[[ EXCERPTED DATA, beginning ]]
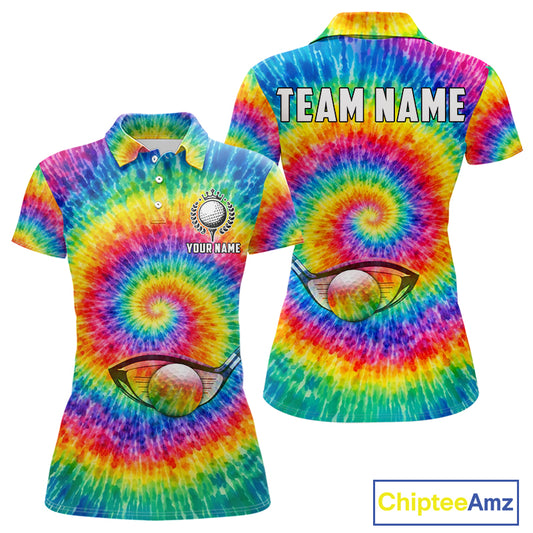 Colorful rainbow tie-dye golf polo shirt for Women custom Ladies golf outfit, personalized golf gifts NQS11724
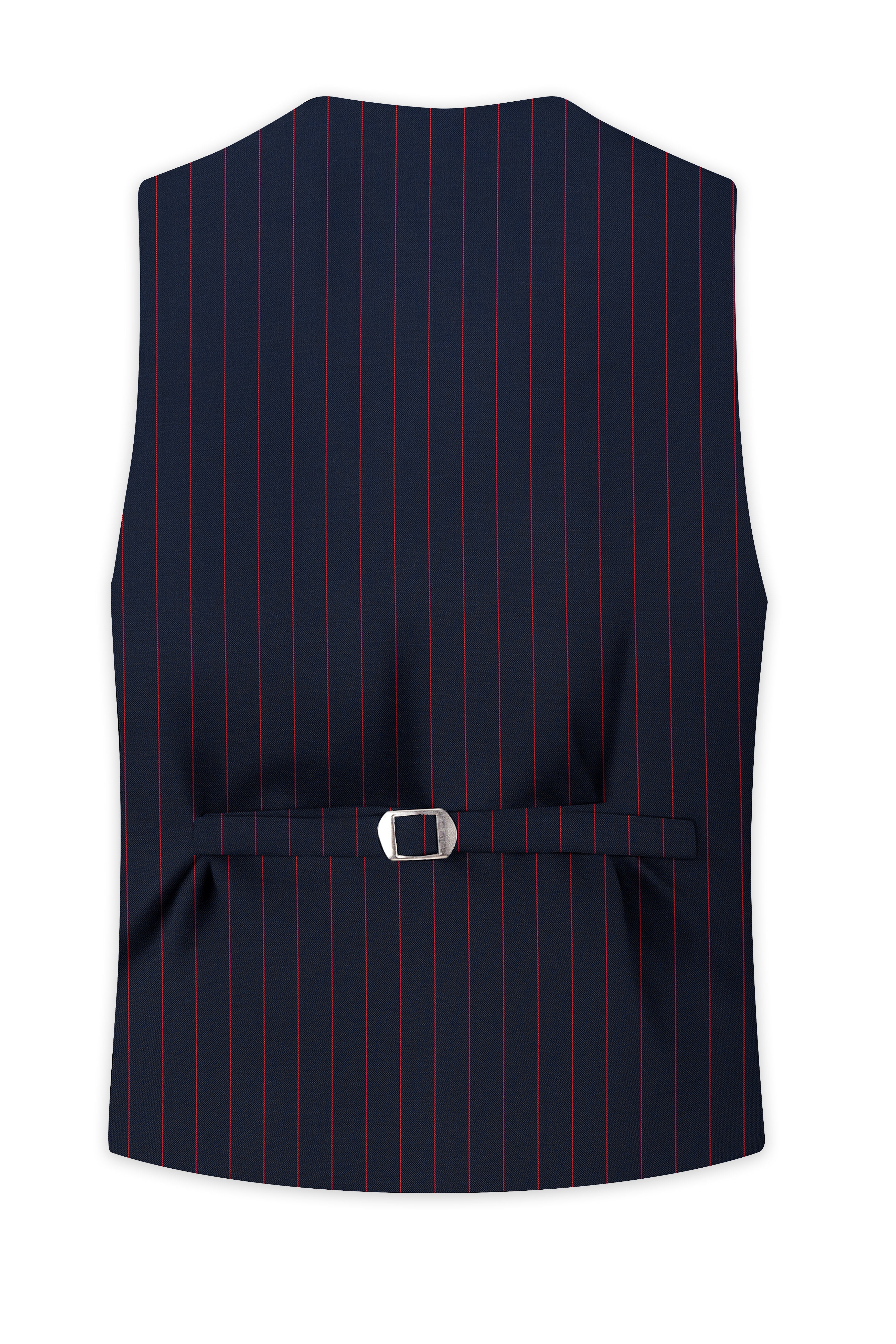 Striata-Haiti Blue And Brick Pink Chalk Striped Wool Rich Slight Stretch Waistcoat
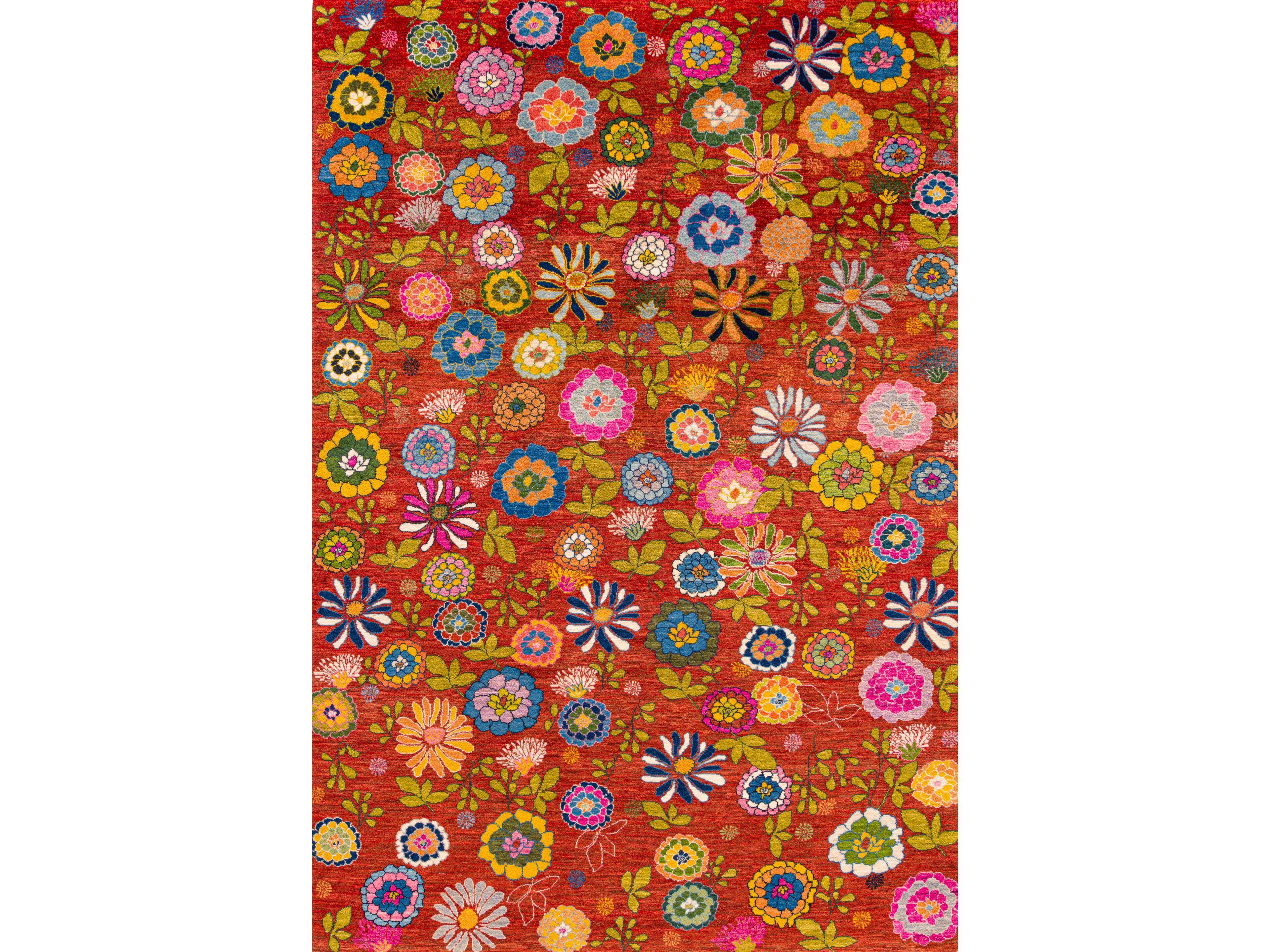 Прямоугольный шерстяной цветочный ковер Zollanvari Ikebana Kyoto-Designer ARCH-00004833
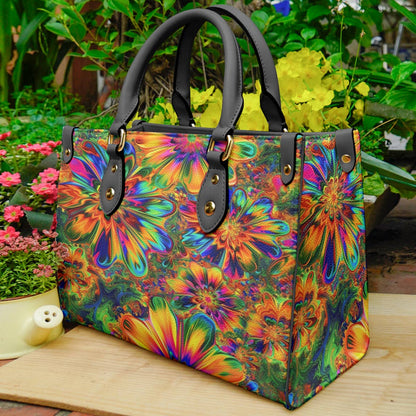 Lorva Hippie Leather Bag Groovy Bloom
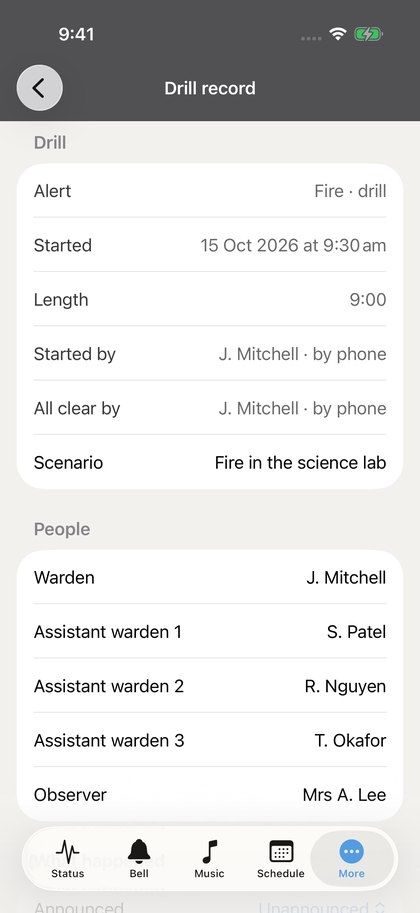 Filling in the drill record on a warden's iPhone
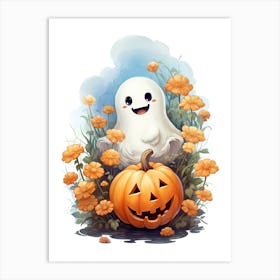 Cute Ghost With Pumpkins Halloween Watercolour 141 Art Print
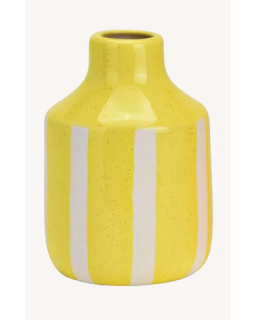 VASE RAYÉ JAUNE H13CM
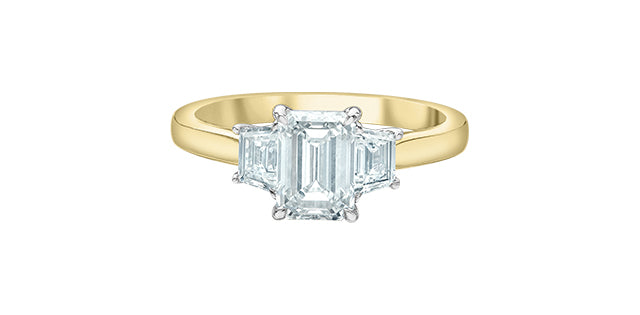 14K Yellow and White Gold 1.85Cttw Lab Grown Emerald Cut Diamond Engagement Ring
[[ EXCERPTED DATA, end ]]
◆ **WORK TO BE COMPLETED**: In the copy, include all records verbatim but no images.

◆ **SOLUTION BELOW**:
 Colorful rainbow tie-dye golf polo shirt for Women custom Ladies golf outfit, personalized golf gifts NQS11724
 Striata-Haiti Blue And Brick Pink Chalk Striped Wool Rich Slight Stretch Waistcoat
 Прямоугольный шерстяной цветочный ковер Zollanvari Ikebana Kyoto-Designer ARCH-00004833
 Lorva Hippie Leather Bag Groovy Bloom
 Filling in the drill record on a warden's iPhone
 Cute Ghost With Pumpkins Halloween Watercolour 141 Art Print
 VASE RAYÉ JAUNE H13CM
 14K Yellow and White Gold 1.85Cttw Lab Grown Emerald Cut Diamond Engagement Ring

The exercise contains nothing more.